Required action: Using the data below, reproduce exactly the lines from the line with "Before Image: Tummy" to the line with "Do you know", both included; pictures must be dropped.

Provided information:
- - - - - - -
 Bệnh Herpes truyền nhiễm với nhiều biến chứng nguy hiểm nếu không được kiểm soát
- - - - - - -
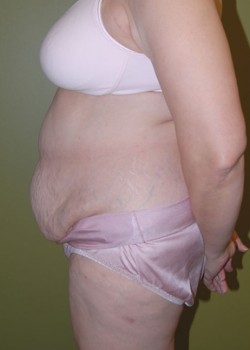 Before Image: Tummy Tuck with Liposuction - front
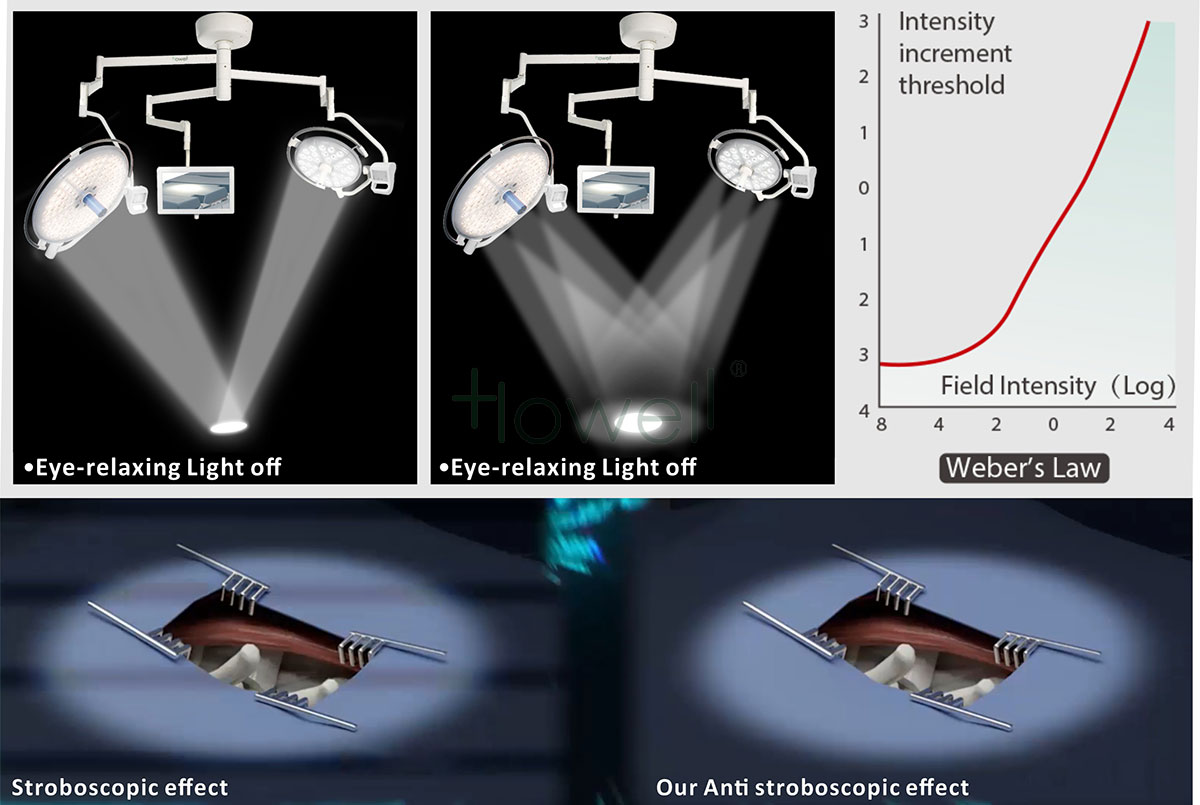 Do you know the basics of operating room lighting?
- - - - - - -
Exercise response:
 Before Image: Tummy Tuck with Liposuction - front
 Do you know the basics of operating room lighting?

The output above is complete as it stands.